The Bama rebirth – The Nation

In May, it would be exactly five years that Bama, a major commercial town in Borno State, came under its first major attack by the Boko Haram insurgents. Subsequent well-orchestrated invasions in February and June 2014 left the town prostrate that upon what seemed like a final onslaught in September 2014, Bama town, which is the capital of the Bama Local Government area of Borno State fell to the Boko Haram militants. It was not to enjoy a breather until March 2015 when the Nigerian Army announced that it had liberated it.

Bama, as well as Dikwa, Magdali, Gwoza were among the toughest battle zones of the terror war. But Bama, which is barely about 60 km from Maiduguri, the Borno State capital, may have suffered the most devastation.

There are gory tales of about 50 policemen killed in one attack and yet another of about 100 mainly elderly people who could not escape being rounded up in a school dormitory and shot. For more than two years when it was under the control of Boko Haram, settlements and markets were reportedly razed and communication equipment damaged.

Bama was almost entirely shutdown and the displacement of the people- indigenes and settlers -was almost total. Since then, the Internally Displaced Persons (IDP’s) arising from the Bama apocalypse had turned out to be another phase of the war proving even more ruinous than the gun duels.

Government was suddenly confronted with nearly one million IDP’s needing shelter, clothing, food, medication and other basic necessities of life. For instance, over a period of about five years, many died of malnutrition and epidemics of common diseases. The process of rebuilding Bama and replacing basic amenities in order to rehabilitate the internal refugees has expectedly, been daunting.

This is why we felicitate with an elated Borno State Governor, Kashim Shettima who recently announced a move to commence the rehabilitation and resettlement of displaced Bama people.

He had temporarily moved the seat of government to Bama, he announced gaily. Speaking to reporters, Shettima said, “The people of Bama will return in phases starting with ward and village heads; while the Shehu will be the last person to return. We did so in order for the Shehu to monitor the return of his subjects. We have distributed bio-data forms to capture all the returnees…”

The Commissioner for Reconstruction, Rehabilitation and Resettlement, Prof. Babagana Umara noted that about 11,630 houses have been renovated. Others are eight primary schools, eight bore holes, general hospital and 1800 shops and markets.

While we commend Governor Shettima for the immense zeal and commitment he brought to bear on this onerous project, we call for extreme caution and circumspection in this phase of the job.
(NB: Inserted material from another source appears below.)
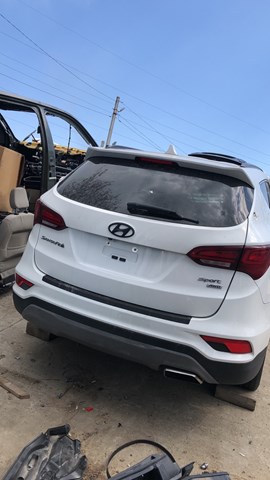 Стекло багажника (двери 3/5-й задней (ляды) 871104Z500 HYUNDAI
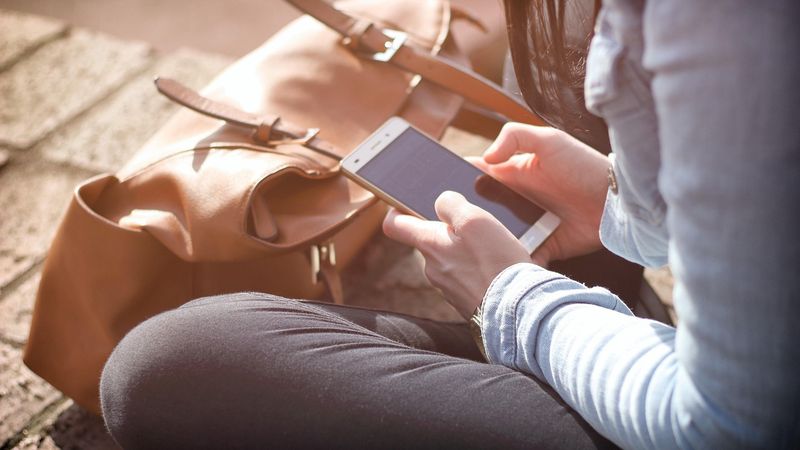 Ilustrasi artikel: Kirim SMS Gratis di iPhone dengan iMessage tentang Opini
We aver that the process of orderly relocation of this large number is almost as tasking as building the structures.

Again, the devastating suicide bomb attacks on the capital city of Maduguri on Easter Sunday which killed 25 and injured about 800 must serve as a sad wake-up call for all involved to be a bit more wary. Apart from re-enacting as much stress-free movement as possible, security must be considered to be of priority importance.

Bama is only about 60 kilometres from Maiduguri, a distance equivalent to Lagos to Sagamu. If the insurgents could consistently hit the much garrisoned state capital, it stands to reason that Bama remains a target of attack.

While we urge that efforts must be doubled to return other IDPs in all parts of the country back to their natural homesteads, it must be noted that a lot more needs to be done to completely win the war against terror in the north east.

We urge the federal government as well as the military and intelligence hierarchy to intensify efforts to find the core financiers and masterminds of the insurgency and punish them. Intelligence and technology must be deployed to infiltrate the sect and neutralize them. A variant of the whistle-blower concept may also be introduced here.

Equally important is the need to revive the economy of the hinterland by getting the LGAs working once again. Thriving rural administrations will in turn quickly reduce the acute poverty prevalent in the northeast.

Government must also give more incentives to children to go to school as well as create youth programmes and sports activities to engage young people.

Properly managed, the rebirth of Bama would serve as a touchstone and a model for managing IDPs in other parts of the country. It must be noted that until all the displaced persons are returned to their respective homes, the war against Boko Haram has not quite ended.